You cannot differentiate through `*_readout`. The Poisson draw is a
discrete random integer and its gradient is zero almost everywhere.
JAX will not raise; it will silently return zero gradients. If you find
yourself doing `jax.grad(simulate_frame)` where `simulate_frame` calls
`*_readout`, **the result is meaningless**. Two acceptable workarounds:

1. **Differentiate the rate instead.** The expected count
   $r_S \cdot t \cdot \eta$ is what almost every inference problem
   actually wants, and it's differentiable.
2. **Use a Gaussian approximation** at high counts:
   $\mathrm{Poisson}(\lambda) \approx \mathcal{N}(\lambda, \sqrt{\lambda})$.
   The Gaussian distribution is reparameterisable and differentiable
   through the noise sample.

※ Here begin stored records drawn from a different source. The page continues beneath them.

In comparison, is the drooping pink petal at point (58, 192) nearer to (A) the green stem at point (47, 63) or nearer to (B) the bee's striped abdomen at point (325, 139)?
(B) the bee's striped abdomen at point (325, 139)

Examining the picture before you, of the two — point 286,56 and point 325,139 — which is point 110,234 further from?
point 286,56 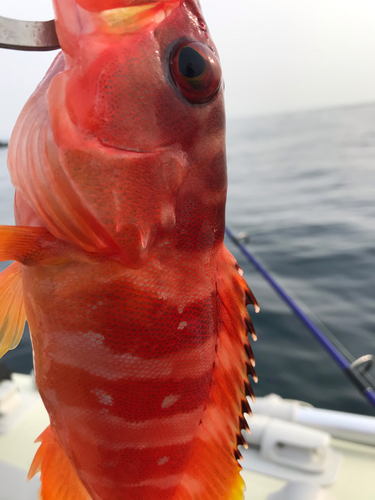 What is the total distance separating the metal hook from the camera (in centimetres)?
54

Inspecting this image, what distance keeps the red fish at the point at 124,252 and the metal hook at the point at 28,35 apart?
26 millimetres

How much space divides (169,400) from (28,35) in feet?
2.41

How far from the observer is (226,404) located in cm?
92

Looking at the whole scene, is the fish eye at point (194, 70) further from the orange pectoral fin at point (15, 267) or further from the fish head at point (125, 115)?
the orange pectoral fin at point (15, 267)

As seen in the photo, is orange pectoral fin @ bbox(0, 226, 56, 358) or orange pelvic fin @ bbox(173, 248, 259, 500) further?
orange pelvic fin @ bbox(173, 248, 259, 500)

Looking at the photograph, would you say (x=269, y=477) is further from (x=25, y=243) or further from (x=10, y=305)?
(x=25, y=243)

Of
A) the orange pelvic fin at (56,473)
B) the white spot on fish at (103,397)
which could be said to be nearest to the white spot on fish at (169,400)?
the white spot on fish at (103,397)

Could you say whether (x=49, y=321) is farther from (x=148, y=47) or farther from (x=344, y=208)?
(x=344, y=208)

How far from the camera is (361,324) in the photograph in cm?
435

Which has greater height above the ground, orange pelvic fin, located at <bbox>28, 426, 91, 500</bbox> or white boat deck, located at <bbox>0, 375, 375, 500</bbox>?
orange pelvic fin, located at <bbox>28, 426, 91, 500</bbox>

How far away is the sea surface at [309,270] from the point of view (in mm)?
3766

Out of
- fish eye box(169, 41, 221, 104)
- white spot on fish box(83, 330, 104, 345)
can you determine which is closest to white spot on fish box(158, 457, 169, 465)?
white spot on fish box(83, 330, 104, 345)

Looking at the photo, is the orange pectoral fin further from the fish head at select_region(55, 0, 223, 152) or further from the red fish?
the fish head at select_region(55, 0, 223, 152)

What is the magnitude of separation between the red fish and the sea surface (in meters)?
0.44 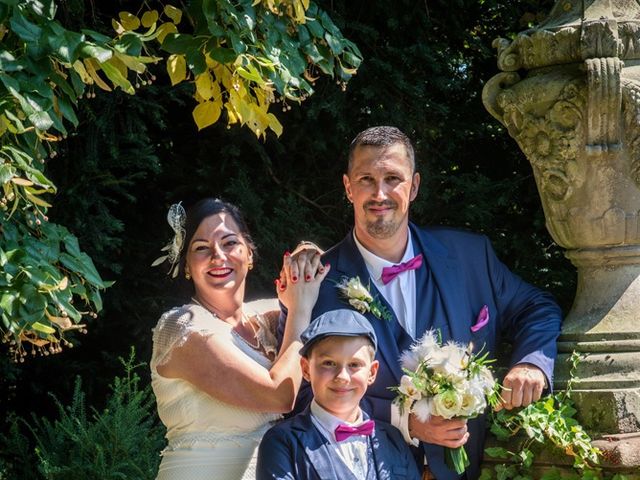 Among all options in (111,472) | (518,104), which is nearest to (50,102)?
(518,104)

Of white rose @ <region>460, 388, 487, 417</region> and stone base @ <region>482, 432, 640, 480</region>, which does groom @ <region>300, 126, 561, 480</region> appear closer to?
stone base @ <region>482, 432, 640, 480</region>

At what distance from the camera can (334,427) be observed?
3.73 m

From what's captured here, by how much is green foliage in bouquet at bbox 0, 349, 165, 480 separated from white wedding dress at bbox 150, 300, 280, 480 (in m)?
1.49

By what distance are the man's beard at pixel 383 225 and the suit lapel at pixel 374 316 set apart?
→ 0.51 feet

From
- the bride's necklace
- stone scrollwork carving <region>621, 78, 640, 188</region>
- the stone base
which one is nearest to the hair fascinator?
the bride's necklace

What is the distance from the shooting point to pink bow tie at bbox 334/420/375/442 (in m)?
3.69

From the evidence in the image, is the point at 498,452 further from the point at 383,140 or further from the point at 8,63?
the point at 8,63

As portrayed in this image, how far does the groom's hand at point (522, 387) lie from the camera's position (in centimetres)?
394

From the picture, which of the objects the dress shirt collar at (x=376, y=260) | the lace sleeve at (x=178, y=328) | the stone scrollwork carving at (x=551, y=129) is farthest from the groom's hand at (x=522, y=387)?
the lace sleeve at (x=178, y=328)

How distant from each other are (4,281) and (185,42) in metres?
1.11

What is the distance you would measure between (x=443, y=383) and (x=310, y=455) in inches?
20.1

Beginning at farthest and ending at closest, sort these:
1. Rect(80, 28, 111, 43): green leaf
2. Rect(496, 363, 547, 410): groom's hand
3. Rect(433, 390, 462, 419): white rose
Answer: Rect(496, 363, 547, 410): groom's hand
Rect(433, 390, 462, 419): white rose
Rect(80, 28, 111, 43): green leaf

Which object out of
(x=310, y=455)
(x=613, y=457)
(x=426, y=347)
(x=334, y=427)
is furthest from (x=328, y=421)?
(x=613, y=457)

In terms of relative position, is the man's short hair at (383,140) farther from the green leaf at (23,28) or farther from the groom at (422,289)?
the green leaf at (23,28) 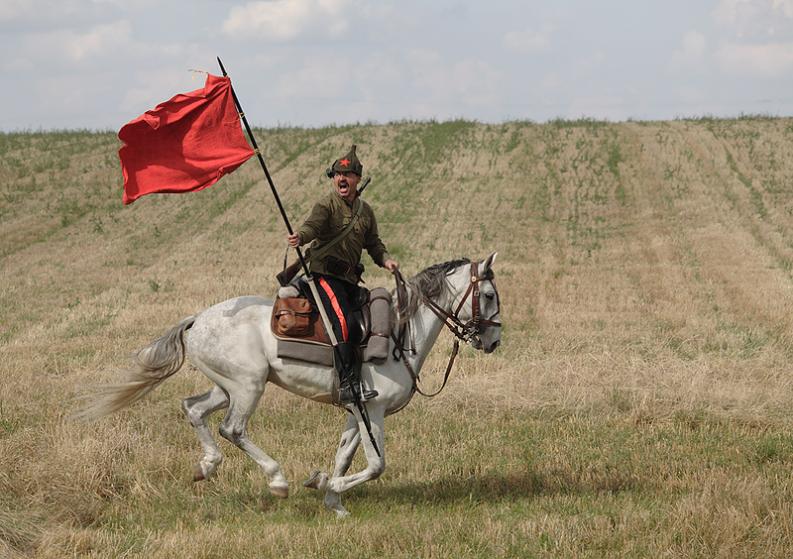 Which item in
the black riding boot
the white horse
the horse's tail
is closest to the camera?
the black riding boot

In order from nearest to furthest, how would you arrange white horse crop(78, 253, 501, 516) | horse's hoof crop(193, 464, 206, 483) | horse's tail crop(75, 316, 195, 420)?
1. white horse crop(78, 253, 501, 516)
2. horse's hoof crop(193, 464, 206, 483)
3. horse's tail crop(75, 316, 195, 420)

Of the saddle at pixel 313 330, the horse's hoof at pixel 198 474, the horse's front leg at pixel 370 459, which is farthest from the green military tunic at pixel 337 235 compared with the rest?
the horse's hoof at pixel 198 474

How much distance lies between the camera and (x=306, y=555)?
750 centimetres

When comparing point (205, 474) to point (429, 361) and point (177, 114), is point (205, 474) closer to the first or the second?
point (177, 114)

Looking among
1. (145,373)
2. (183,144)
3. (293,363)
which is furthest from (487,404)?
(183,144)

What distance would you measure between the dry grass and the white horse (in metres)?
0.46

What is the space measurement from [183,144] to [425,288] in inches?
103

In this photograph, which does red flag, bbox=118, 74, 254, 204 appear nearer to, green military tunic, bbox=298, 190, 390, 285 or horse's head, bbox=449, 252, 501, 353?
green military tunic, bbox=298, 190, 390, 285

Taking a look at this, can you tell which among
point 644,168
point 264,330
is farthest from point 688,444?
point 644,168

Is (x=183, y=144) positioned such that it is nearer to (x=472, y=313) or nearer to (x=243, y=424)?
(x=243, y=424)

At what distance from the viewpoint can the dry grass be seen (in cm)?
795

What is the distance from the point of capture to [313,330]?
8.86 meters

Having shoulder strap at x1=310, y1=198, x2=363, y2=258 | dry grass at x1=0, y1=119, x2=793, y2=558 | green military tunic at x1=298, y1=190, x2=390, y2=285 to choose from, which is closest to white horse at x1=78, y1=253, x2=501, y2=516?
dry grass at x1=0, y1=119, x2=793, y2=558

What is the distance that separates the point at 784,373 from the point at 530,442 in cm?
431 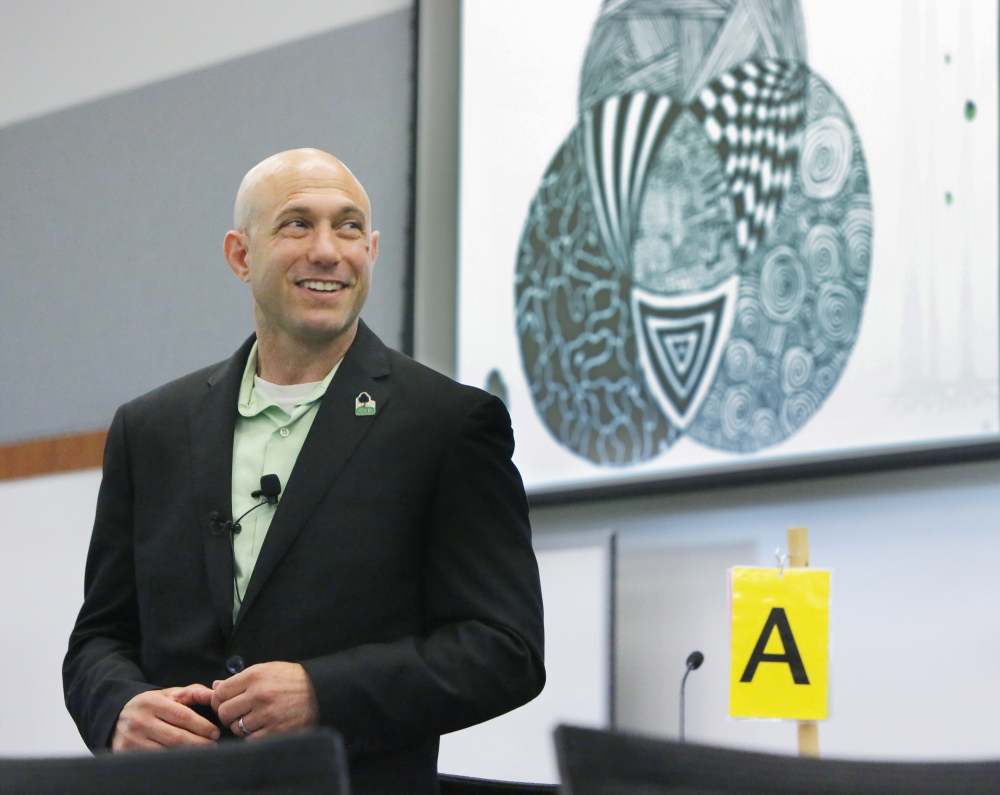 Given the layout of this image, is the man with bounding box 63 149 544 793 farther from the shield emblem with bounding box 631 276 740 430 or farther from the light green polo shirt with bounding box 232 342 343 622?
the shield emblem with bounding box 631 276 740 430

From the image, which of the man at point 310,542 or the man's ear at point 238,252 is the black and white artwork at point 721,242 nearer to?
the man at point 310,542

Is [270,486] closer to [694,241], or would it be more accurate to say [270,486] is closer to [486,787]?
[486,787]

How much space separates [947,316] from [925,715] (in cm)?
75

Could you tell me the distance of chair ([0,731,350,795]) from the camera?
3.17ft

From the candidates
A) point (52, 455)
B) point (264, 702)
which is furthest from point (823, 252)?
→ point (52, 455)

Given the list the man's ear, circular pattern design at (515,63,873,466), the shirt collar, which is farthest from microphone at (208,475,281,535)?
circular pattern design at (515,63,873,466)

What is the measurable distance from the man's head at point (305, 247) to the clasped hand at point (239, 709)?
55 centimetres

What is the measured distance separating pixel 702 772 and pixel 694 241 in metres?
2.02

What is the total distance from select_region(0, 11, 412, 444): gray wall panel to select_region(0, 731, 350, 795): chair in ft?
8.66

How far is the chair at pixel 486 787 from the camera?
1.69 m

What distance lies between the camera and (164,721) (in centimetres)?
176

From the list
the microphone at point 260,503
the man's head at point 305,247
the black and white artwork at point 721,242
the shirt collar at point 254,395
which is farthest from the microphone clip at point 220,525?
the black and white artwork at point 721,242

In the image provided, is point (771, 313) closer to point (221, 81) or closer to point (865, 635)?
point (865, 635)

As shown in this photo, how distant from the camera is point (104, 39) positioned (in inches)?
163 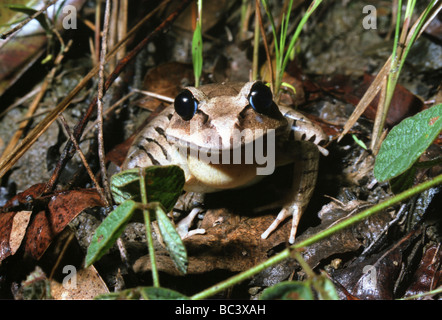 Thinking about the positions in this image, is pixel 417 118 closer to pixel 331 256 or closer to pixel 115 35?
pixel 331 256

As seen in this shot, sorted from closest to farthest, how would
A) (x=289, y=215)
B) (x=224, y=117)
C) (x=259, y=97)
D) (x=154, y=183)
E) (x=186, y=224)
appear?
(x=154, y=183) → (x=224, y=117) → (x=259, y=97) → (x=289, y=215) → (x=186, y=224)

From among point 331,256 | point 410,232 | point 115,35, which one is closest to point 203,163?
point 331,256

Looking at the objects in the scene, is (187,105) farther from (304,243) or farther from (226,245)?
(304,243)

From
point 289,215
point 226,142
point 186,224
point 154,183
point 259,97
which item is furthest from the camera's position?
point 186,224

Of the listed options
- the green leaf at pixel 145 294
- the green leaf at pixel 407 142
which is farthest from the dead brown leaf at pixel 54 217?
the green leaf at pixel 407 142

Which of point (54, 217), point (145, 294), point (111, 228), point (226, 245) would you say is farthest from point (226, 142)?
point (54, 217)

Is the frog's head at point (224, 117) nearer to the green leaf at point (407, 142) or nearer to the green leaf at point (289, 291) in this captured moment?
the green leaf at point (407, 142) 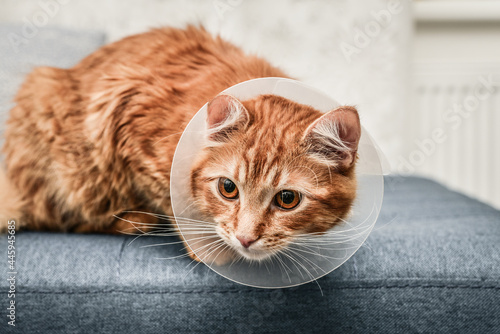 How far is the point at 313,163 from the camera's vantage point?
0.78 m

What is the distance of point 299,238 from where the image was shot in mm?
Answer: 793

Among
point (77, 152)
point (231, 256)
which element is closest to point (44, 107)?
point (77, 152)

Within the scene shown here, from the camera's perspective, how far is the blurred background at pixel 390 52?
2.07 metres

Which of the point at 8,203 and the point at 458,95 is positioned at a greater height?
the point at 458,95

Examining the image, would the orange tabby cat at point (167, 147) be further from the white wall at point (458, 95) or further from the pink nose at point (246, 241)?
the white wall at point (458, 95)

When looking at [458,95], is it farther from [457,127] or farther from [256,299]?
[256,299]

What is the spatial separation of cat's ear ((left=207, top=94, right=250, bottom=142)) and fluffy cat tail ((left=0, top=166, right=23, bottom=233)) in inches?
24.3

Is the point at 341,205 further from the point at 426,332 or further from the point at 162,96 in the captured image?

Build it yourself if you need it.

## Performance

Both families share most of the work -- the readout family is just the
rate family followed by a single Poisson draw via the detector's
readout method. The Poisson draw is a few percent of the per-frame
cost on GPU. See [performance](performance) for the closure-vs-args
trap that dominates compile time and how to avoid it.